_RECORDS SHOWN_
================================

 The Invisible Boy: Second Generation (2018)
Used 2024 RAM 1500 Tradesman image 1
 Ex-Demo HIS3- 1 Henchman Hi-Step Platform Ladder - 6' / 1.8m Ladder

================================

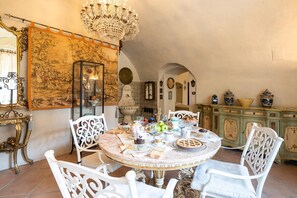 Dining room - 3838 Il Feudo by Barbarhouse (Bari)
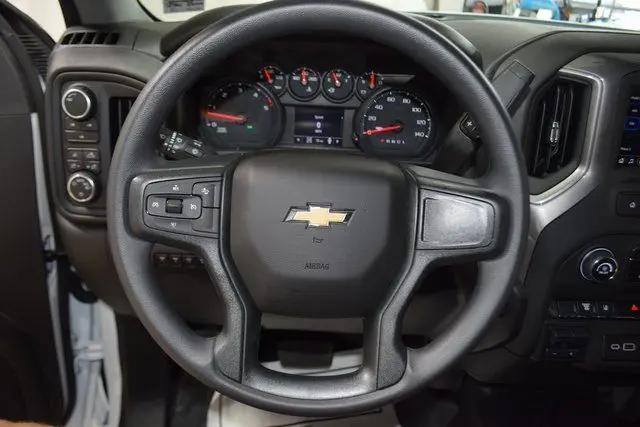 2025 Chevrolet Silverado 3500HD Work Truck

================================

_GOAL OF THE EXERCISE_
Starting with the line that has "Dining room - 3838" and going on through the line that has "2025 Chevrolet Silverado 3500HD Work Truck", transcribe the records above exactly, but skip the pictures.

_OUTPUT BELOW_
 Dining room - 3838 Il Feudo by Barbarhouse (Bari)
 2025 Chevrolet Silverado 3500HD Work Truck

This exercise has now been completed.